I went to the local audition, got accepted. I went to the regional audition, got accepted. I went to the state audition, got accepted. I was heading back to Chicago.

Once again, I got a room at the Statler Hilton. This time I brought my wife, Joyce. We went for dinner the evening before. And then I spent the rest of the night unable to sleep, going over and over the audition in my head. There was so much riding on this—it was the audition of my life.

In the morning, I took the now-familiar walk to the 11th Street Theater to sign in before returning to the hotel to do my prep routine: work out, do yoga, worry, smoke cigarettes, worry, have a shower and shave while worrying, and warm up.

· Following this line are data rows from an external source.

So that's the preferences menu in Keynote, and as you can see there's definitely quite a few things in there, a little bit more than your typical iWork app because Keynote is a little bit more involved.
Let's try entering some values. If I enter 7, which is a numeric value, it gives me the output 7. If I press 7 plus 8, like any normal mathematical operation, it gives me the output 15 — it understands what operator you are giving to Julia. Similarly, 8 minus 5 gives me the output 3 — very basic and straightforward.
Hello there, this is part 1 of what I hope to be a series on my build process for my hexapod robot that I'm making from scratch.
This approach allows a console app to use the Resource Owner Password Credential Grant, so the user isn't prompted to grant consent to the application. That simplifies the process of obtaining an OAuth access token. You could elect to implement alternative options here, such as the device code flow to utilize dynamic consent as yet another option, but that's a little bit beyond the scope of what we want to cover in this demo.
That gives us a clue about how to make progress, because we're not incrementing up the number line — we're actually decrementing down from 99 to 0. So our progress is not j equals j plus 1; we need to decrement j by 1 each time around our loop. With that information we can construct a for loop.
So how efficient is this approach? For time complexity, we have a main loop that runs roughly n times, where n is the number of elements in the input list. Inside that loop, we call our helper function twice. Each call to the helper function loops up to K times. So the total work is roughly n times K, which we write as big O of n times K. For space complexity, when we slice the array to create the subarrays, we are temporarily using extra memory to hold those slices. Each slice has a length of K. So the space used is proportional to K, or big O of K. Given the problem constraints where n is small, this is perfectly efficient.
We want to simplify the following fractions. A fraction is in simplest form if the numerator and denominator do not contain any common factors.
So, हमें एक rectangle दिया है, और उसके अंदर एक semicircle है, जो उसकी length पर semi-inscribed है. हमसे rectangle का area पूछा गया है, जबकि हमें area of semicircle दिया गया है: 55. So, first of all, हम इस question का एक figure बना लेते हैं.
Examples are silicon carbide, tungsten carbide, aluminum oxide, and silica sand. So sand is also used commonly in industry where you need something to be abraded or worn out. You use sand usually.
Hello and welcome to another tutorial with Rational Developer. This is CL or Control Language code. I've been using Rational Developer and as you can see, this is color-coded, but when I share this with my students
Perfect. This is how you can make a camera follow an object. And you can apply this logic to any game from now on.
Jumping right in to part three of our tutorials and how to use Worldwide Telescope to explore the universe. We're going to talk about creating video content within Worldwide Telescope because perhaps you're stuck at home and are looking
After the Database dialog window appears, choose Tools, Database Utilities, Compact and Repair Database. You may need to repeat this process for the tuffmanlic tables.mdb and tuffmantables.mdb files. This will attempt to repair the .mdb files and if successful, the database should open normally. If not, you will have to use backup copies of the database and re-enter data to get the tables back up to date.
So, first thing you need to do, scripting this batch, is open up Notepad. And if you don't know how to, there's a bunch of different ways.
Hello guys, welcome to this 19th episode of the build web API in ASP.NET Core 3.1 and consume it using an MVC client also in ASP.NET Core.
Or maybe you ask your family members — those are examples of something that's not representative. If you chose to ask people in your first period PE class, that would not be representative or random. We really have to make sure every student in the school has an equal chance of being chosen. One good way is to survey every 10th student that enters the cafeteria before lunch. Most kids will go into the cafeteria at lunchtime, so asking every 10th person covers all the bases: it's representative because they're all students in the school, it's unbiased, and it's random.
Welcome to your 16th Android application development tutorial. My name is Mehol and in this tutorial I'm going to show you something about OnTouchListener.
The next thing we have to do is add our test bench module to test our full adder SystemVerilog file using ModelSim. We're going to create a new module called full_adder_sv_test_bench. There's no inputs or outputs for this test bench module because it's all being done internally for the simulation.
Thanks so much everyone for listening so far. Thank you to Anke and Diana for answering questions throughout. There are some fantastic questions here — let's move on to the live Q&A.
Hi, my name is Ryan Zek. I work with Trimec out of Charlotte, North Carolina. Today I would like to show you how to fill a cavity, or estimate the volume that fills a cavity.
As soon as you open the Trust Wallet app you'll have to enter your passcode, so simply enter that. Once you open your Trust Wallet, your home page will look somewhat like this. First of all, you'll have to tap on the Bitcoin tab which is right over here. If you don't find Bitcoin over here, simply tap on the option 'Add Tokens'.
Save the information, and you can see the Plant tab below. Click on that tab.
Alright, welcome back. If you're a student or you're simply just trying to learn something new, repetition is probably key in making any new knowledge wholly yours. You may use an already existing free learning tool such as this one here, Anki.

“Okay, I’ll see you later,” I said after I signed in.

“Where are you going? We’re reversing the order this year. We’re going from Z to A. You’re up now.”

What? Fuck.

There was one person before me, Zbrinski or somebody, and then it was my turn. I walked down to the stage, up the side stairs, stepped to the center, and looked out at all of those ADs who held my future in their hands. I opened my mouth and began.

Because I had rehearsed so much in the months leading up to this moment, it was like automatic writing. The words just flowed from me. I did Edward II first. It was okay. Then I turned my back to the audience for a moment, then back around to face them and said my first line from The Boor: “You have no idea how to treat a lady, Mr. Smirnov.” It got a huge laugh. Then my next line got a huge laugh. And the next. I sailed.

I walked off the stage in complete silence, but the casting director and producer Rosemarie Tichler, who went on to become the casting doyenne of New York City and Joseph Papp’s Shakespeare Festival, stopped me on the way out and said, “Have a nice lunch. You’re going to be a very busy man this afternoon.” And indeed, that afternoon I received offers from the Seattle Repertory Theatre, Milwaukee Repertory Theater, Actors Theatre of Louisville, Asolo Repertory Theatre, Provincetown Theater, San Diego Repertory Theatre, almost every theater in the country (except the Theatre Company of Boston—neither David Wheeler nor any of his people were in attendance that year). I would work for the next eight to ten years off that one four-minute audition.

That audition was about being in the moment. It was about risk, and play, and spontaneity. Yes, I had prepared, but in the moment I’d had to trust the preparation and just let it come. It was there, it had always been there, just waiting to be asked to the dance. That was why it worked. I would forget this lesson and have to learn it again and again in the course of my career. But for those four minutes, it didn’t matter that I was dressed badly and unshaven, because apparently I was wearing this rather big red bowtie.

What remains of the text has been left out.